(Data items)
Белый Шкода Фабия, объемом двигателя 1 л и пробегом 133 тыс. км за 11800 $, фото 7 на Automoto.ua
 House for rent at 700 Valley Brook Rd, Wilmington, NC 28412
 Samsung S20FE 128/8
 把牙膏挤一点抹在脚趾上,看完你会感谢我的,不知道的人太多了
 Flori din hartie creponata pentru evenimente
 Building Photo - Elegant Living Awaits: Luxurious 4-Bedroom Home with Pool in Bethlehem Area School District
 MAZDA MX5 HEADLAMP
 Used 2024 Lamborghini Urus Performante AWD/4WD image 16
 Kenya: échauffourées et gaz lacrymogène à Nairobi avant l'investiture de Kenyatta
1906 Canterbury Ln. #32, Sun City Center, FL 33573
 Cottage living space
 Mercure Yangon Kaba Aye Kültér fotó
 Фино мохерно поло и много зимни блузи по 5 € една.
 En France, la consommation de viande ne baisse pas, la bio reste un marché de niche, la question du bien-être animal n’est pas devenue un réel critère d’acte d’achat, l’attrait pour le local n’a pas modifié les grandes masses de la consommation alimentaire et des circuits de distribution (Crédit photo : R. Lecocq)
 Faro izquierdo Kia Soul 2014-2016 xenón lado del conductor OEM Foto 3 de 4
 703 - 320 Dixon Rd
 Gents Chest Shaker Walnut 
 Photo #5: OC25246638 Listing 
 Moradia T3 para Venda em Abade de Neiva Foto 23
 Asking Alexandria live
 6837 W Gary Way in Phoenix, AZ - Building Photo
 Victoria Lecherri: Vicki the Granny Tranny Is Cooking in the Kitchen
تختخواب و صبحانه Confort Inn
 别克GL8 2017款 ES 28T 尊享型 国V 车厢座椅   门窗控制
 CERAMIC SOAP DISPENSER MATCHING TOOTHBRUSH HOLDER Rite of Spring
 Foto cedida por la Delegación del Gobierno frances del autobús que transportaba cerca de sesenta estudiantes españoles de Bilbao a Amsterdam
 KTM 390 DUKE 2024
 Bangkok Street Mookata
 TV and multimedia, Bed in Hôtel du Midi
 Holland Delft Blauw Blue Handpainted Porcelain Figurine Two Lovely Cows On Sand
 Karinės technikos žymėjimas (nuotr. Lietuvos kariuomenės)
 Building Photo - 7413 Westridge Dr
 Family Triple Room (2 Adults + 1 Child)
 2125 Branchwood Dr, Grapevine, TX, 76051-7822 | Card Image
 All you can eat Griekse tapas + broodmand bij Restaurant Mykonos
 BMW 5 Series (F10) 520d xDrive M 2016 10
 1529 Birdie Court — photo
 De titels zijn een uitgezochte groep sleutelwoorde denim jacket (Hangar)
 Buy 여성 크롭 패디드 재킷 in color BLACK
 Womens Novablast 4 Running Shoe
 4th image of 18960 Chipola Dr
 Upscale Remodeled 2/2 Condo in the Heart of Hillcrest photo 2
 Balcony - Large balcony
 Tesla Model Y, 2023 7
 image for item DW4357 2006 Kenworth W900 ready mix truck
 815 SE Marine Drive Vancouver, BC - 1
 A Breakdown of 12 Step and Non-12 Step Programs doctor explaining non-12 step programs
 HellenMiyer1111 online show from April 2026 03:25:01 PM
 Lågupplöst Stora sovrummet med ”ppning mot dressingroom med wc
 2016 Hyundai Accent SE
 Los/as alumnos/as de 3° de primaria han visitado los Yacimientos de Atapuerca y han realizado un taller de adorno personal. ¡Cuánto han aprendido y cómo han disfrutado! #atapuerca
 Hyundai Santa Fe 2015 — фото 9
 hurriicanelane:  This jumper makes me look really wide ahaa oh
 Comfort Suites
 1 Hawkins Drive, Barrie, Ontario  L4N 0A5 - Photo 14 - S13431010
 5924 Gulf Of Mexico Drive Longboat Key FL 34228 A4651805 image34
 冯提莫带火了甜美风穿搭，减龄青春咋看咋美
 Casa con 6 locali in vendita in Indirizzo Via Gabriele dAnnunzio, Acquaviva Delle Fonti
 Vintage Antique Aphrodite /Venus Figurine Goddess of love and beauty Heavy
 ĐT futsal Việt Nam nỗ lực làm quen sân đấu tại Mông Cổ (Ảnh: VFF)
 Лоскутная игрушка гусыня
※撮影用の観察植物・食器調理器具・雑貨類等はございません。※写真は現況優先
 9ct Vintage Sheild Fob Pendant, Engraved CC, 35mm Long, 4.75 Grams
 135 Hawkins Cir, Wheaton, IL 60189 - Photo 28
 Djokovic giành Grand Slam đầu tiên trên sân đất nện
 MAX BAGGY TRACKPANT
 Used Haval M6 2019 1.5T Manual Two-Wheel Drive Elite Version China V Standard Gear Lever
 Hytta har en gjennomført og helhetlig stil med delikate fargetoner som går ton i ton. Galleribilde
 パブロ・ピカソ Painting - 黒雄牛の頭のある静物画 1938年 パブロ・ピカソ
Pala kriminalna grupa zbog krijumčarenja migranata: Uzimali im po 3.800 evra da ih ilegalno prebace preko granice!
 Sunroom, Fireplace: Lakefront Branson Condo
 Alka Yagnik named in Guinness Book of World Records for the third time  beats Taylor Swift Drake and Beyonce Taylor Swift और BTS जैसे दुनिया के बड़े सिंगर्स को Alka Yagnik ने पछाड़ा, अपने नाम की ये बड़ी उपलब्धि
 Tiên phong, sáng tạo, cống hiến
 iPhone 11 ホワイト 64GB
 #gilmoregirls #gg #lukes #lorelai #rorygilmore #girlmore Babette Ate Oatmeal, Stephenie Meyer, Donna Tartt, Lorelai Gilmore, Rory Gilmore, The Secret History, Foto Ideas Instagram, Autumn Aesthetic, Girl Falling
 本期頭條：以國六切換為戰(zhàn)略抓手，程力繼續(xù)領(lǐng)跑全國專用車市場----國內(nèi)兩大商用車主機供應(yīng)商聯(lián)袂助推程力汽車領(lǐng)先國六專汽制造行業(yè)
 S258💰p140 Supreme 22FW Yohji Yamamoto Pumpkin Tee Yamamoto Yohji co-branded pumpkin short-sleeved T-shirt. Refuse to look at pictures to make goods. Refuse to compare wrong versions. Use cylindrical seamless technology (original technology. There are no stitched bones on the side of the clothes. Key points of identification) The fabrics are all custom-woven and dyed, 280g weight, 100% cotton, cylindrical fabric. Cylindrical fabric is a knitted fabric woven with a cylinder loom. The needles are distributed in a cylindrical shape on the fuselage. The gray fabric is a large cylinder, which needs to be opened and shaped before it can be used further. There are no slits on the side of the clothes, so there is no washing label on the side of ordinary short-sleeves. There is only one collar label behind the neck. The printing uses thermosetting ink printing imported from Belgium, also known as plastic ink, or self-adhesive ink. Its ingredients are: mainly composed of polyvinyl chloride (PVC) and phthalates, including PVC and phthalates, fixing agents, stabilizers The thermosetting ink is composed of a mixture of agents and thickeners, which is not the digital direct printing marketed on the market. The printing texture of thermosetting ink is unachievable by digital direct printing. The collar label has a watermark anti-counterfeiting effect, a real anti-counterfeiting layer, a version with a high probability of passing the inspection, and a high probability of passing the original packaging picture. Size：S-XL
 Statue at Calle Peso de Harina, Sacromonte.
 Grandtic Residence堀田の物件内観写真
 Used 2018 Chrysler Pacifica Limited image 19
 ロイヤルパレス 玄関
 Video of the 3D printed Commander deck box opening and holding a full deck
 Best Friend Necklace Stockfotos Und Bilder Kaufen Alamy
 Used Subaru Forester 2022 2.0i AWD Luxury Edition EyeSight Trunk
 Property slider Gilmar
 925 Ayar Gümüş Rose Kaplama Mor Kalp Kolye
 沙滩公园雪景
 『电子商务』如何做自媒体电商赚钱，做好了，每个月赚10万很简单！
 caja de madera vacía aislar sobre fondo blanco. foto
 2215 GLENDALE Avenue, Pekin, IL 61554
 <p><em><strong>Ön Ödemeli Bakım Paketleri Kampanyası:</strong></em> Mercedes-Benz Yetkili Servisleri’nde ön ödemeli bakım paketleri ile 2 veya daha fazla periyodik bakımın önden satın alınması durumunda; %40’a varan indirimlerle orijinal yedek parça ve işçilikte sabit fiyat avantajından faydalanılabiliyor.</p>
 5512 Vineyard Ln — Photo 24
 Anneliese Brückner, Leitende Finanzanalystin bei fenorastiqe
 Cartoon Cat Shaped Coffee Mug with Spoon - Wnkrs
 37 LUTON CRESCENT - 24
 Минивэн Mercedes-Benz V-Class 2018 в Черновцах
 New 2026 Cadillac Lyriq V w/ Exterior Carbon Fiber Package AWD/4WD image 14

Instructions for the task:
Set down exactly the lines that begin the records and continue through the line bearing "MAZDA MX5 HEADLAMP"; include both ends.

Exercise response:
Белый Шкода Фабия, объемом двигателя 1 л и пробегом 133 тыс. км за 11800 $, фото 7 на Automoto.ua
 House for rent at 700 Valley Brook Rd, Wilmington, NC 28412
 Samsung S20FE 128/8
 把牙膏挤一点抹在脚趾上,看完你会感谢我的,不知道的人太多了
 Flori din hartie creponata pentru evenimente
 Building Photo - Elegant Living Awaits: Luxurious 4-Bedroom Home with Pool in Bethlehem Area School District
 MAZDA MX5 HEADLAMP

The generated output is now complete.